Hierarchial names of generate blocks
if statements, case-items, and for-loops,can be provided explicit hierarchical labels by providing a named the begin...end
block , such as some_hierarchical_label
in the example.
Variables and instances defined within can be addresses with the hierarchy <parent>.<some_hierarchical_label>.<children>
or in the case of for loops <parent>.some_some_hierarchical_label[<generation_index>].<children>
At least in SystemVerilog, names for conditional statements are implied for unnamed if blocks if involving simple named parameter checking
module top; parameter test_bench_only = 0; genvar i; if (test_bench_only) logic a; // top.test_bench_only.a else logic b; // top.test_bench_only.b
A conditional addition such as
if temp[0]==1'b1 (count=count +1);
are often synthesized with an adder, as in
count=count+temp[0];
simplifying the circuity.
Does the for loop below represent a dynamic or static loop?

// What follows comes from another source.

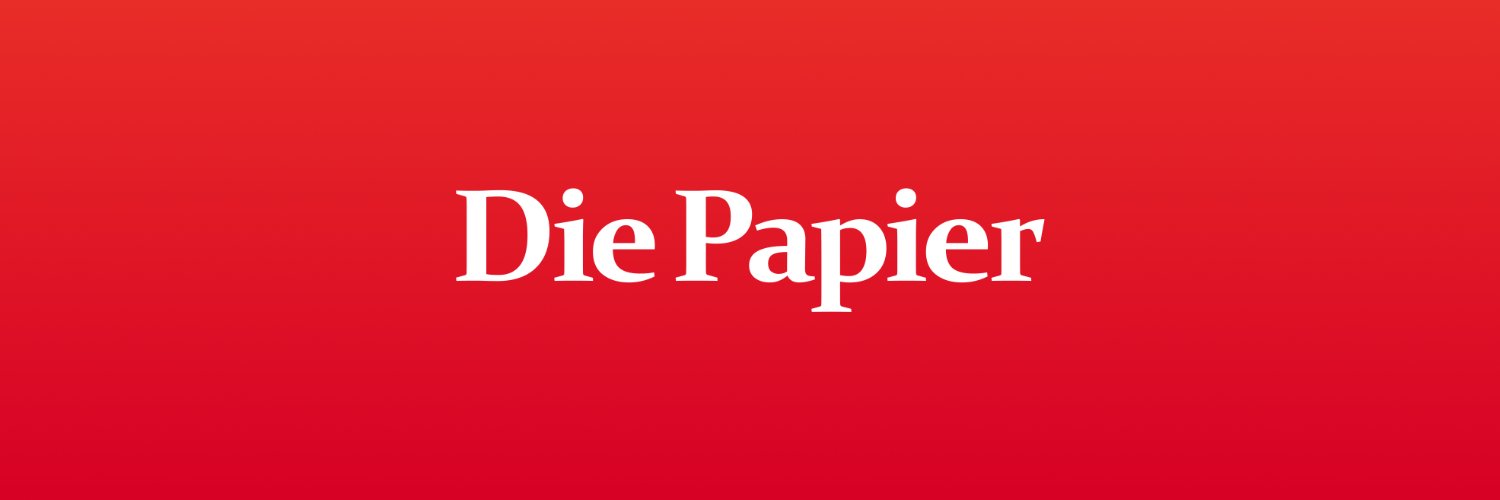 Die Papier banner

module myModule(a,... input [4:0] a; reg [29:0] thermocode; integer i; always ... begin thermocode=0; for(i=0; i<a;i++) begin thermocode[i]=1'b1; end end .. endmodule
Hint1:
Start by trying to unroll the loop iterations
thermocode[0]=1'b1 thermocode[1]=1'b1 thermocode[2]=1'b1 thermocode[3]=1'b1 ..where to stop?
Where to stop is not obvious until a
is known, which only happens at "run-time"
How to make the loop static?
Proposal 1: set a
to a fixed value?
Next Hint: Can you predetermine the possible range of i
, which is based on the range of a
?
Responses:
Lets try to unroll the loop starting with the first iteration i=0.
i=0 involves setting thermocode[0]
When is thermocode[0] set to 1?
Ans: when a>0, resulting in thermocode[0]=a>0
thermocode[0]=a>0 thermocode[1]=a>1 thermocode[2]=a>2 thermocode[3]=a>3 thermocode[4]=a>4 thermocode[5]=a>5 thermocode[6]=a>6 thermocode[7]=a>7 thermocode[8]=a>8 thermocode[9]=a>9 thermocode[10]=a>10 ... thermocode[20]=a>20 thermocode[21]=a>21 thermocode[22]=a>22 thermocode[23]=a>23 thermocode[24]=a>24 thermocode[25]=a>25 thermocode[26]=a>26 thermocode[27]=a>27 thermocode[28]=a>28 thermocode[29]=a>29 //thermocode[30]=a>30 xx thermocode is only 30-bit //thermocode[31]=a>31 xx thermocode is only 30-bit
We can realize that though a
can go up to 29, the thermocode only includes 30 bits
Now, lets shorthand this long set of repetitive code as a static loop:
for(i=0; i<30;i++) begin thermocode[i]=a>i; end
So, should the original code be considered "synthesizable" or not?
Answer: depends on the synthesizer. The context in which the loop exists (here the context involves a bounded a
) may be of importance, but may or may not be taken into account by the synthesizer.